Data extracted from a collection
━━━━━━━━━━━━━━━━━━━━━━━━━━━━━━

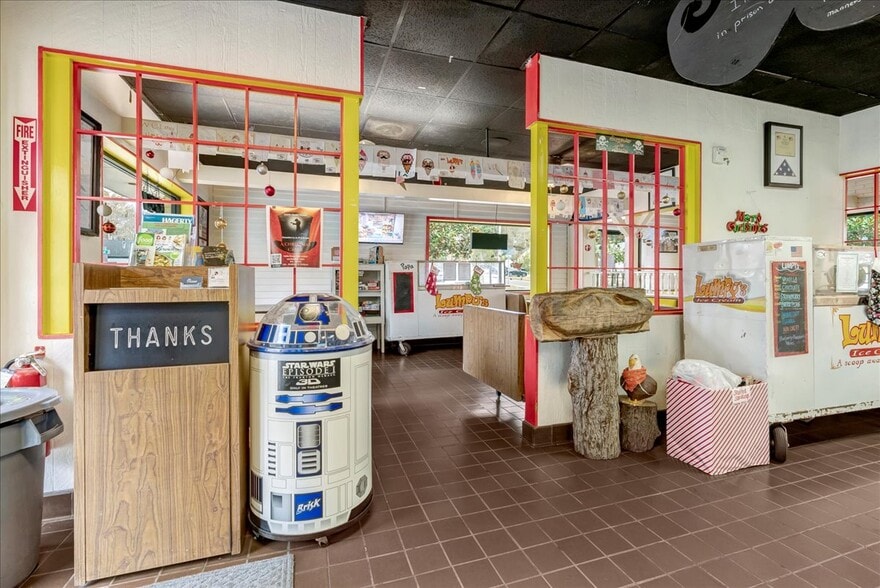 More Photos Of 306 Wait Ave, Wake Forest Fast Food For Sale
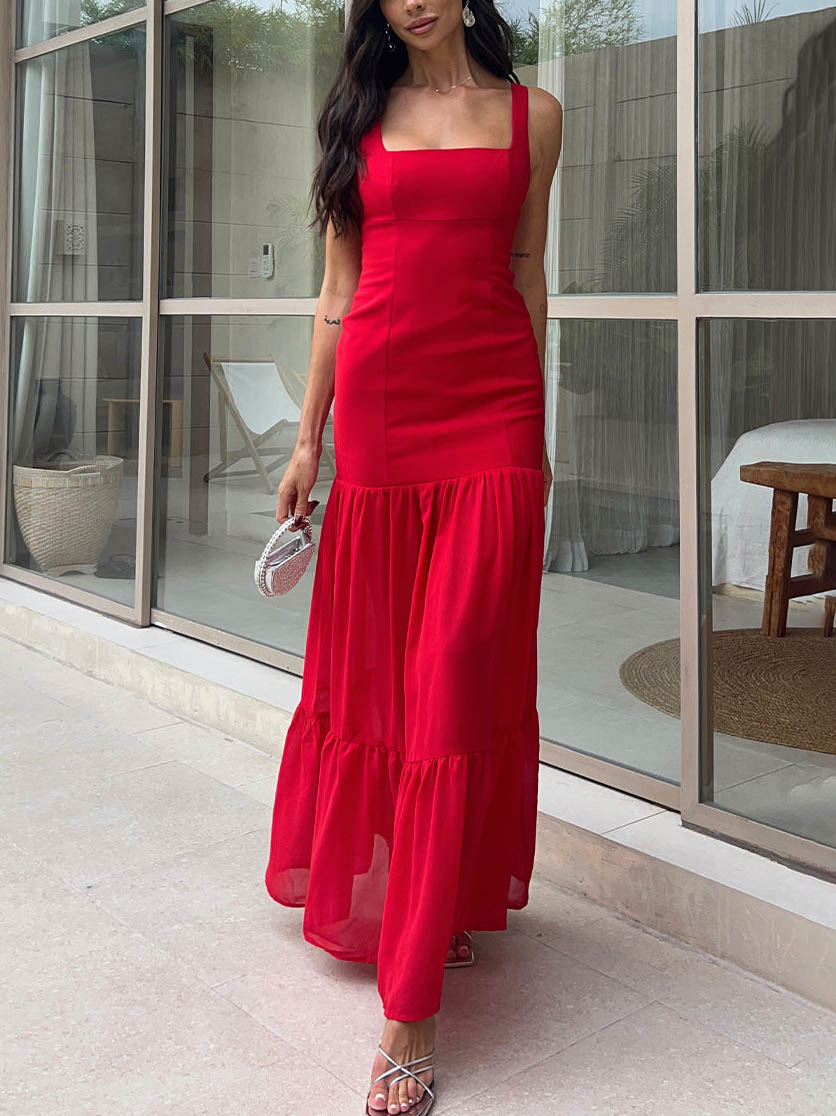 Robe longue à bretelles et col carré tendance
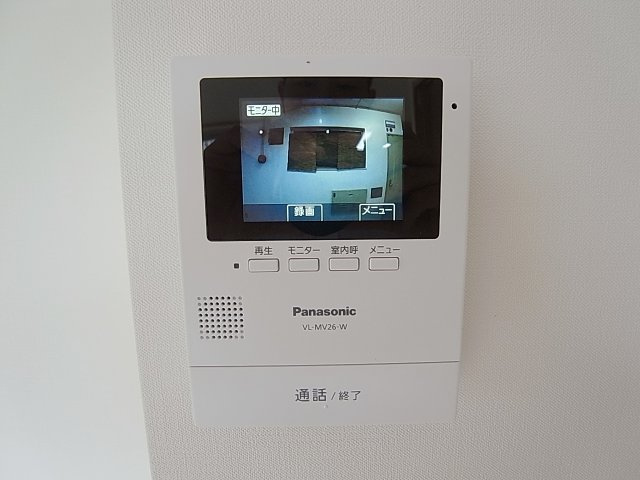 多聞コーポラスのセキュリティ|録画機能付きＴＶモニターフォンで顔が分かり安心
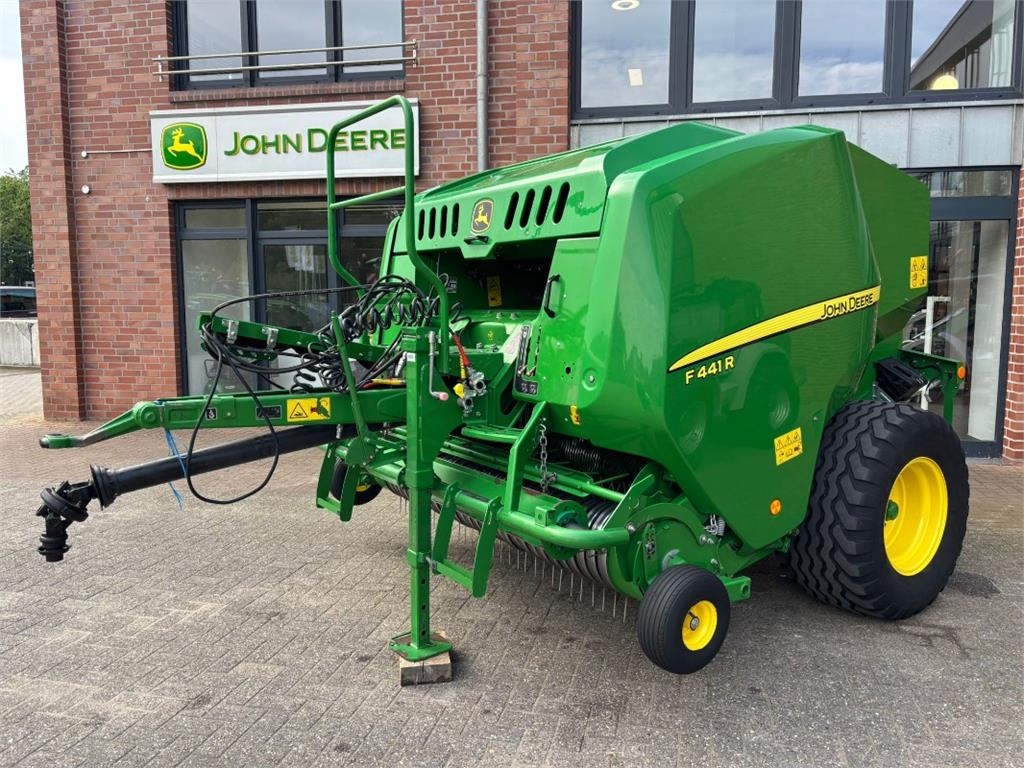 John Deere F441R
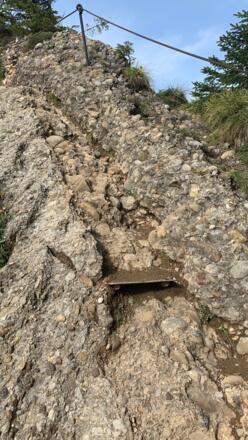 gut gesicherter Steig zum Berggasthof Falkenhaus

━━━━━━━━━━━━━━━━━━━━━━━━━━━━━━

WHAT YOU HAVE TO DO – Repeat all of the entries above word for word and omit the pictures.

EXERCISE OUTPUT –
 More Photos Of 306 Wait Ave, Wake Forest Fast Food For Sale
 Robe longue à bretelles et col carré tendance
 多聞コーポラスのセキュリティ|録画機能付きＴＶモニターフォンで顔が分かり安心
 John Deere F441R
 gut gesicherter Steig zum Berggasthof Falkenhaus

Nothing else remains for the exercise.